Dan Docherty - walka w Malezji 1980
Napisano Ponad rok temu
ale tak w sekrecie to robimy podobne rzeczy....
Napisano Ponad rok temu
Napisano Ponad rok temu
Napisano Ponad rok temu
Docherty i jego uczniowie robia tylko taichi tak jak je widzi Docherty.
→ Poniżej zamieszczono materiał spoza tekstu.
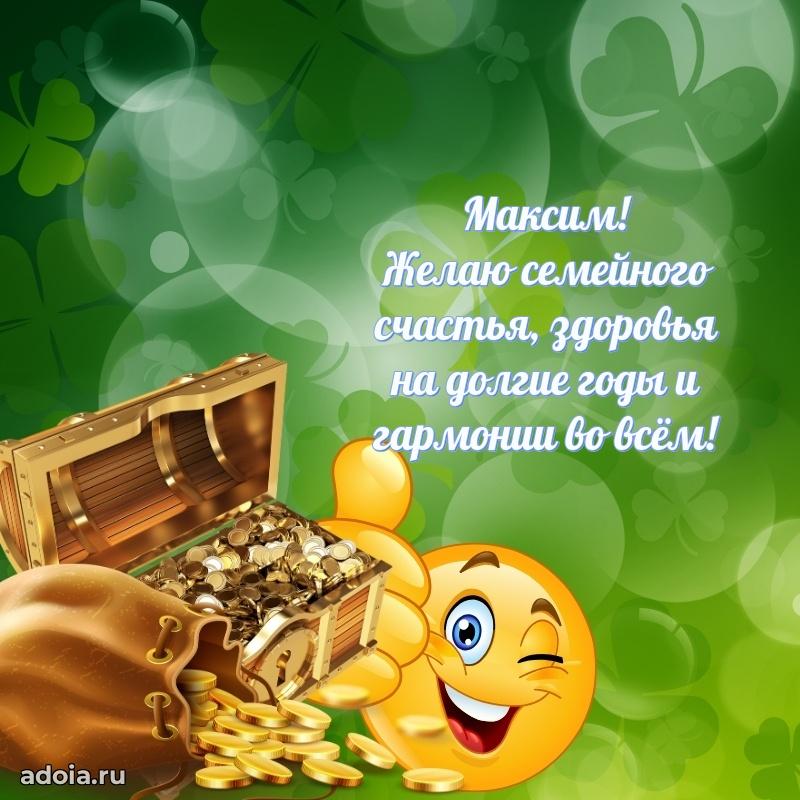 Яркая гифка Максиму с днем рождения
tu np klip jego ucznia z Irlandii Niall Keane
nie wiem czy tak wyglada super prawdziwe taichi ale przynajmniej sie potrafia napierdalac jak dla mnie to jest prawdziwsze niz tajskie mecze chenowcow
swoja droga 5 lat intensywnego treningu to moim zdaniem wystarczajaco zeby opanowac system do poziomu uzywalnosci w walce
Napisano Ponad rok temu
ja bym powiedzial ze jak ktos jest zdolny to nawet 2-3 lata wystarcza, potem sie caly cwiczy i doskonali te ruchy i nauczyciel raz po raz cos poprawi ale to jest juz 95% pracy samemu, tu nauczyciel jak nie cwiczysz sam godzinami niewiele pomoze
te wielkie dziesiatki lat pokutujace w naszej swiadomosci zachodniej jako nauka treningu taiji wziely sie z zalosnego poziomu 99% ciwczacych co ucza sie od kolesi co swojego nauczyciela/mistrza raz w roku na seminarium 3dniowym widza
Napisano Ponad rok temu
Mam pytanie do kolegi lee_73 dlaczego sądzi że akurat na pierwszym filmiku nie ma Tai Chi? Moim skromnym zdaniem niektóre metody stosowane,szczególnie w niektórych stylach kung fu różnią się od końcowego efektu wizualnego,co nie znaczy że w środku nie ma esencji metodyki danego stylu.Tak na marginesie pojęcie stylu jest dla mnie sztucznym ograniczeniem.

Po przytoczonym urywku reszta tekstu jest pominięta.